# [SUPPLIED INFORMATION]
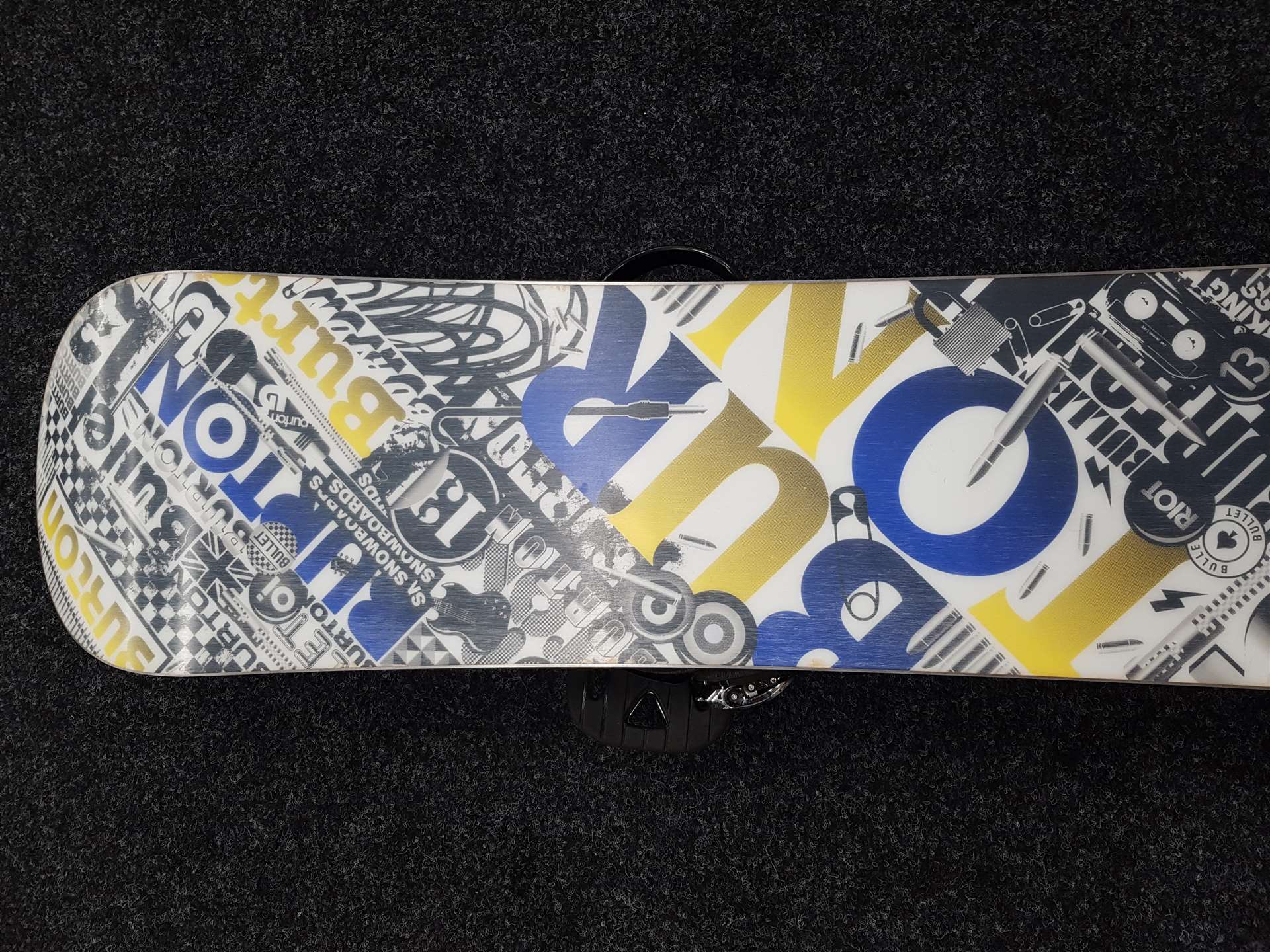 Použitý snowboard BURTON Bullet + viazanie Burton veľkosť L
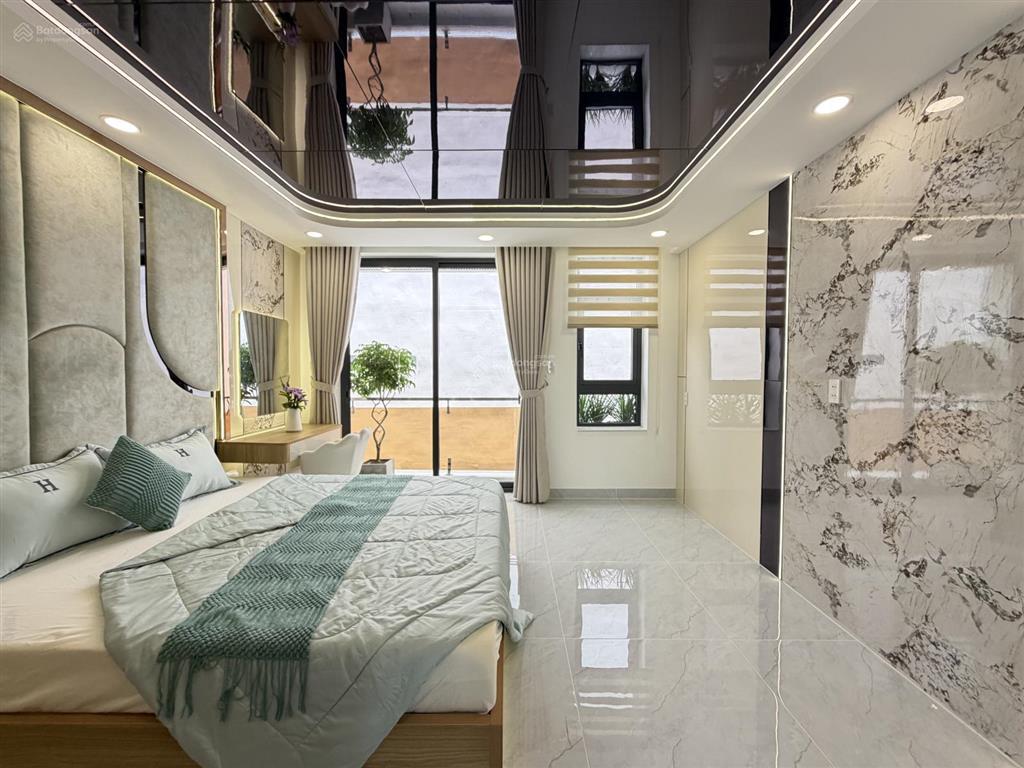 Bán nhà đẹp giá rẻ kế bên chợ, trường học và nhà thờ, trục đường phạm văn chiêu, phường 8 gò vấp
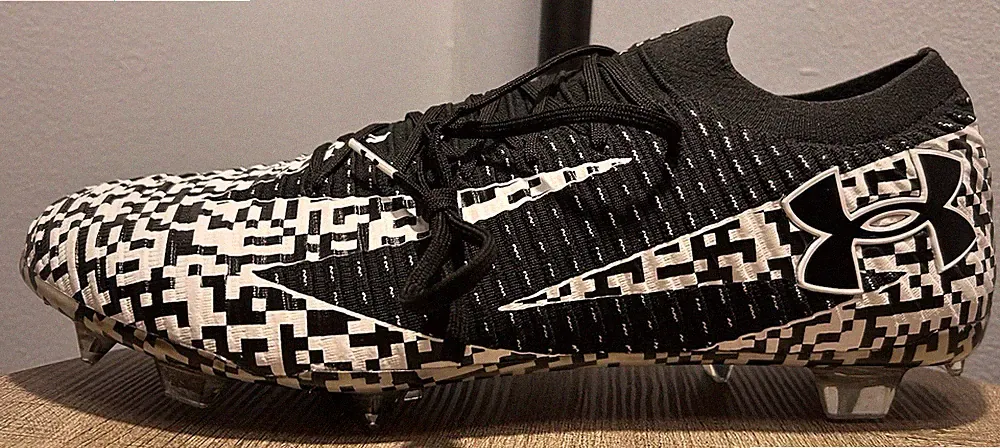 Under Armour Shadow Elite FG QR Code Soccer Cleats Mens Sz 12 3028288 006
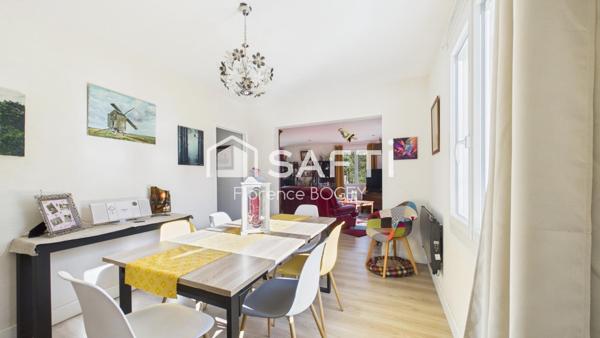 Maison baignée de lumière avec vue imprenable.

# [ASSIGNMENT]
Return the full listing above verbatim, please, but without its images.

# [REPLY]
 Použitý snowboard BURTON Bullet + viazanie Burton veľkosť L
 Bán nhà đẹp giá rẻ kế bên chợ, trường học và nhà thờ, trục đường phạm văn chiêu, phường 8 gò vấp
 Under Armour Shadow Elite FG QR Code Soccer Cleats Mens Sz 12 3028288 006
 Maison baignée de lumière avec vue imprenable.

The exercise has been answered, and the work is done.